**TASK GOAL**: Go to the line below that has "3 bedroom, 3", print it and each line after it exactly, and stop after the line that has "Yamaha XT - 22"; leave out pictures.

**INPUT DATA**:
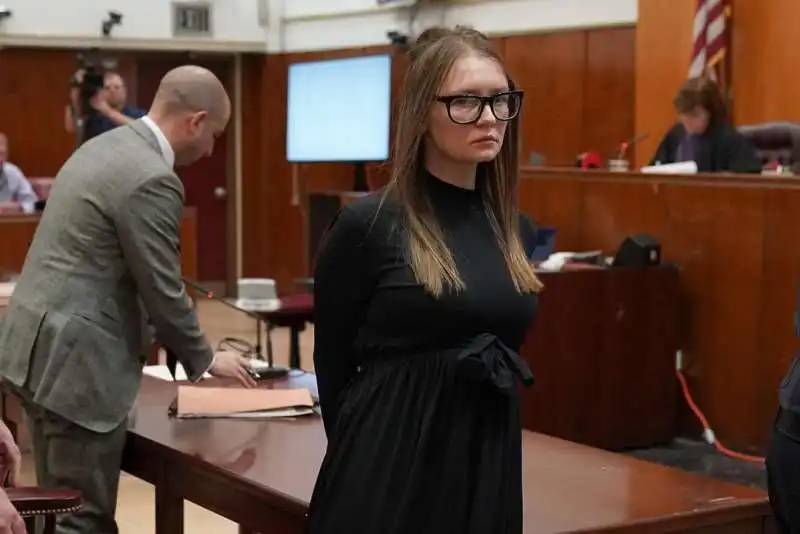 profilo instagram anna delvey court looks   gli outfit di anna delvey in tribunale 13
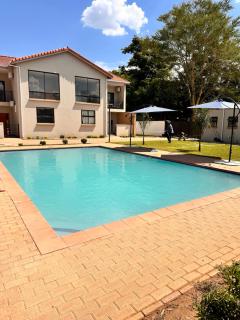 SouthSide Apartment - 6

* * *

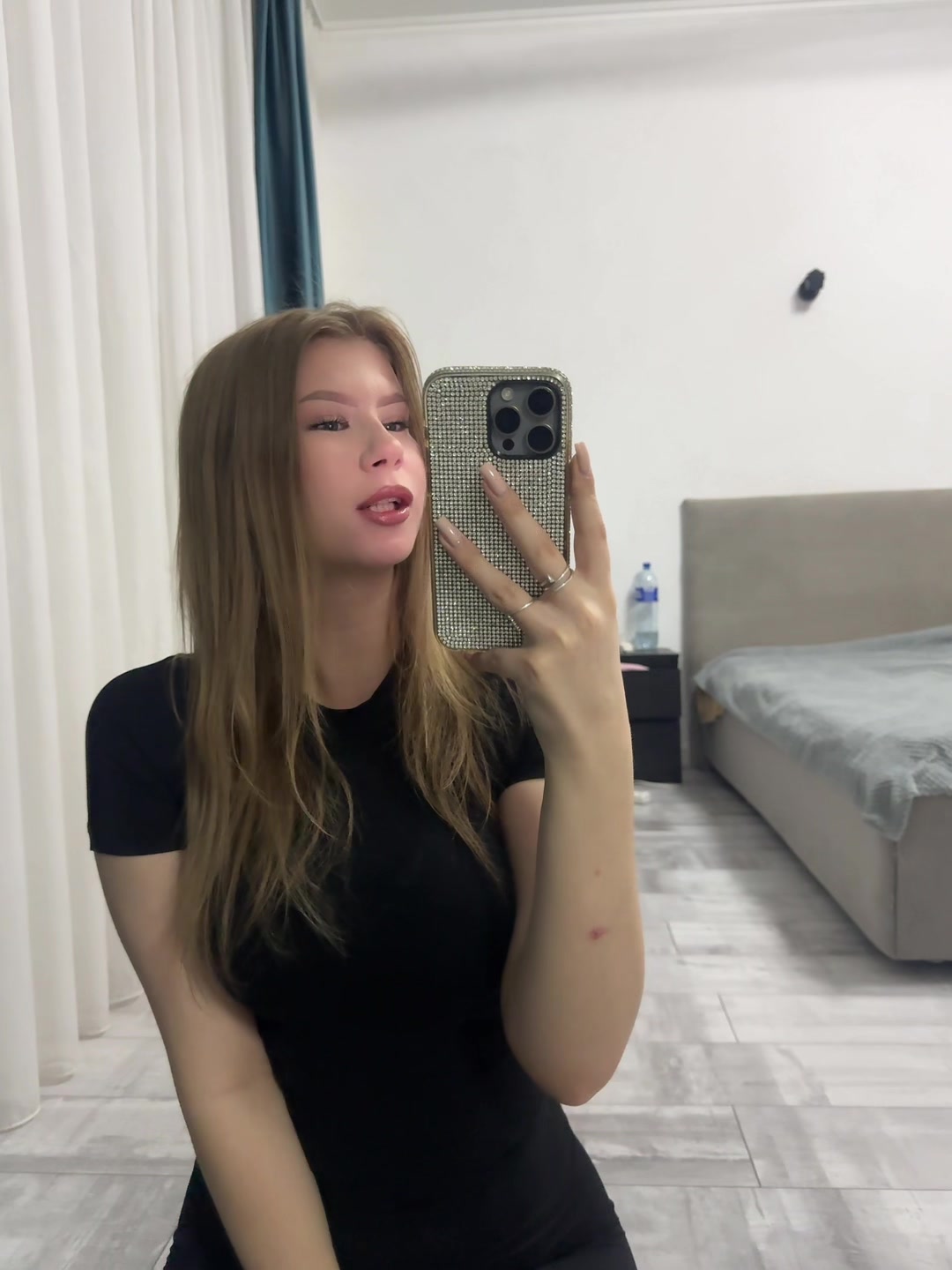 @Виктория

==

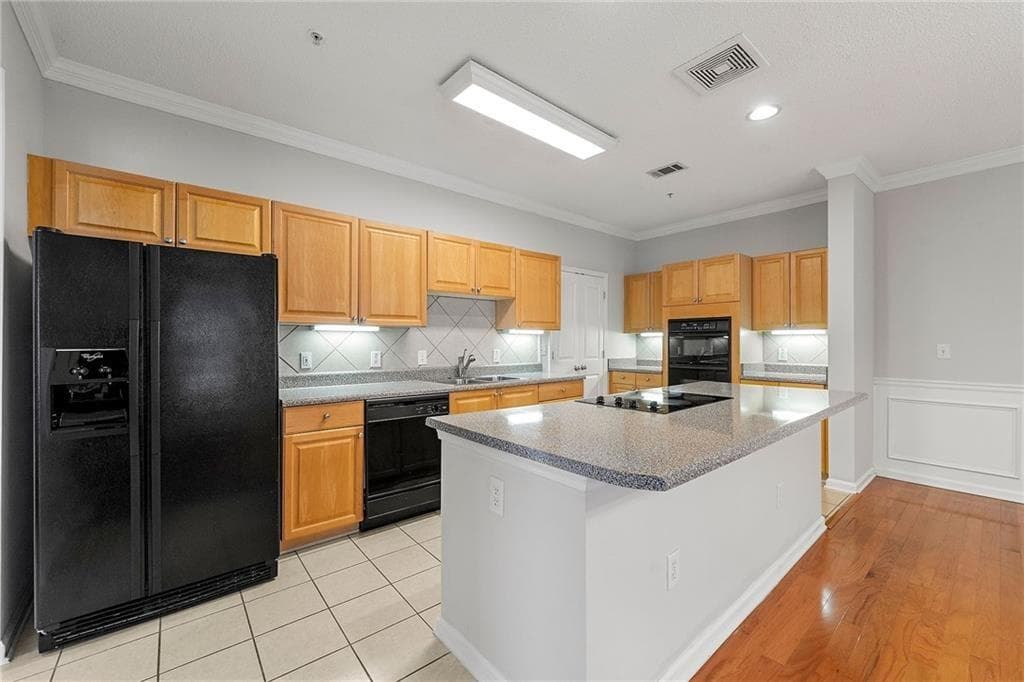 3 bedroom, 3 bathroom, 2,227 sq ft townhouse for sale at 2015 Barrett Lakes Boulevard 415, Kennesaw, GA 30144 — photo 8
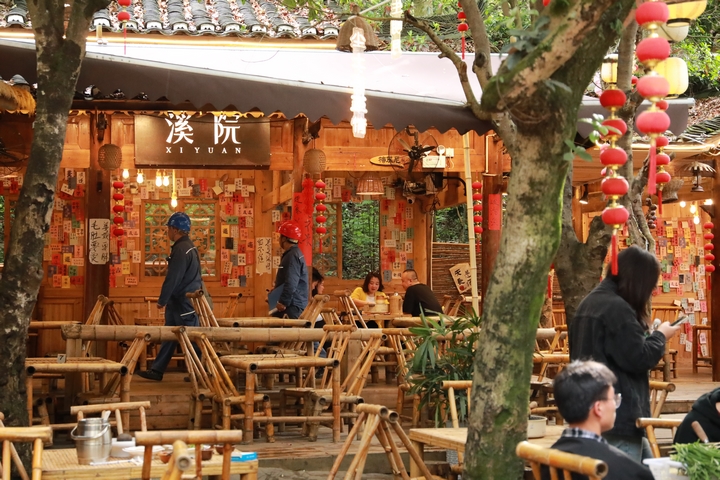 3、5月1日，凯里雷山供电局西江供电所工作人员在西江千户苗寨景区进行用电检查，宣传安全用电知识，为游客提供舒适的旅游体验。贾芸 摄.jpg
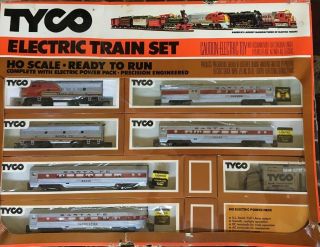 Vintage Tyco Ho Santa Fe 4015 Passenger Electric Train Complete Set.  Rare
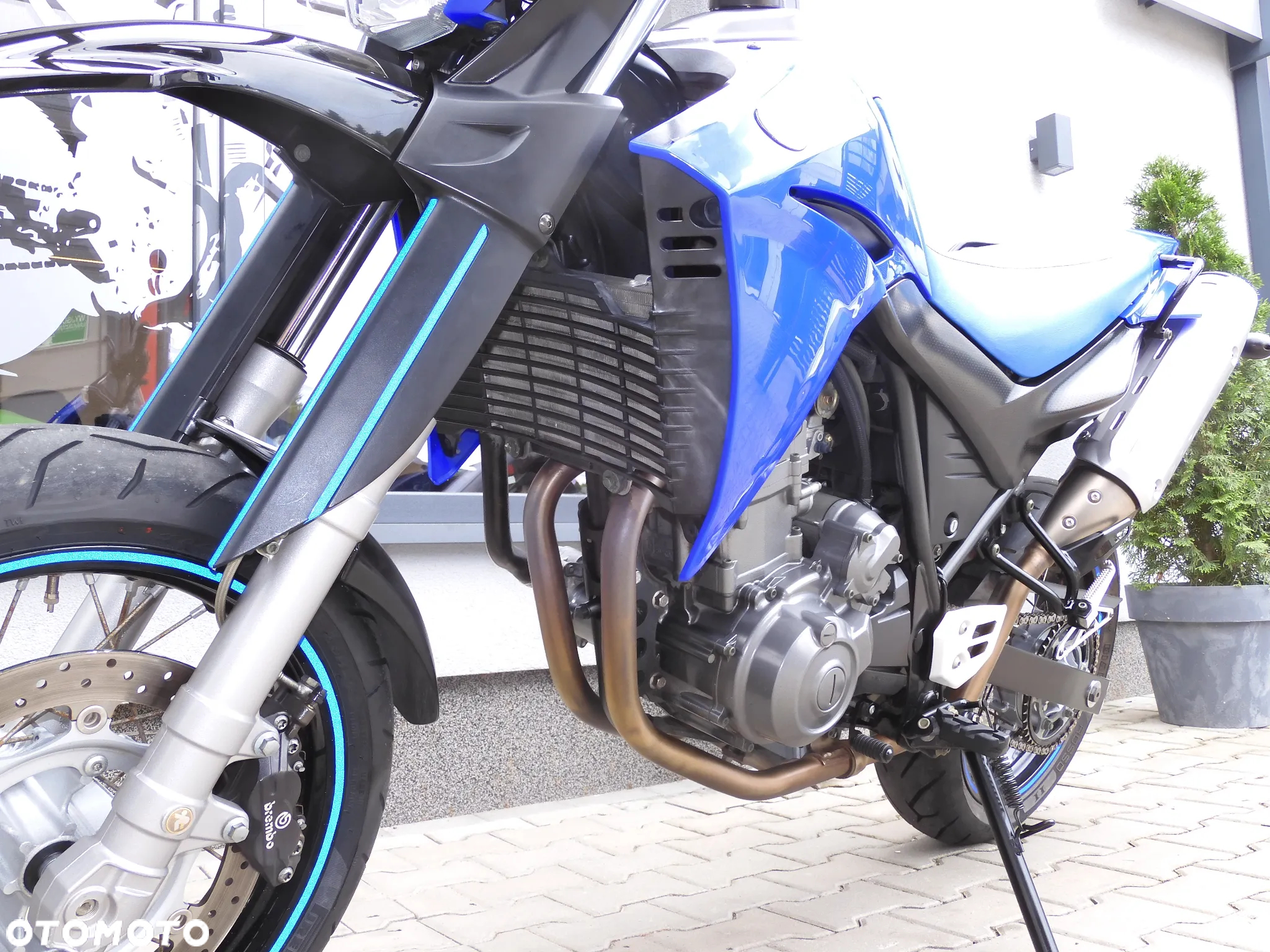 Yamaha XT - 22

**ANSWER BOX**:
 3 bedroom, 3 bathroom, 2,227 sq ft townhouse for sale at 2015 Barrett Lakes Boulevard 415, Kennesaw, GA 30144 — photo 8
 3、5月1日，凯里雷山供电局西江供电所工作人员在西江千户苗寨景区进行用电检查，宣传安全用电知识，为游客提供舒适的旅游体验。贾芸 摄.jpg
 Vintage Tyco Ho Santa Fe 4015 Passenger Electric Train Complete Set.  Rare
 Yamaha XT - 22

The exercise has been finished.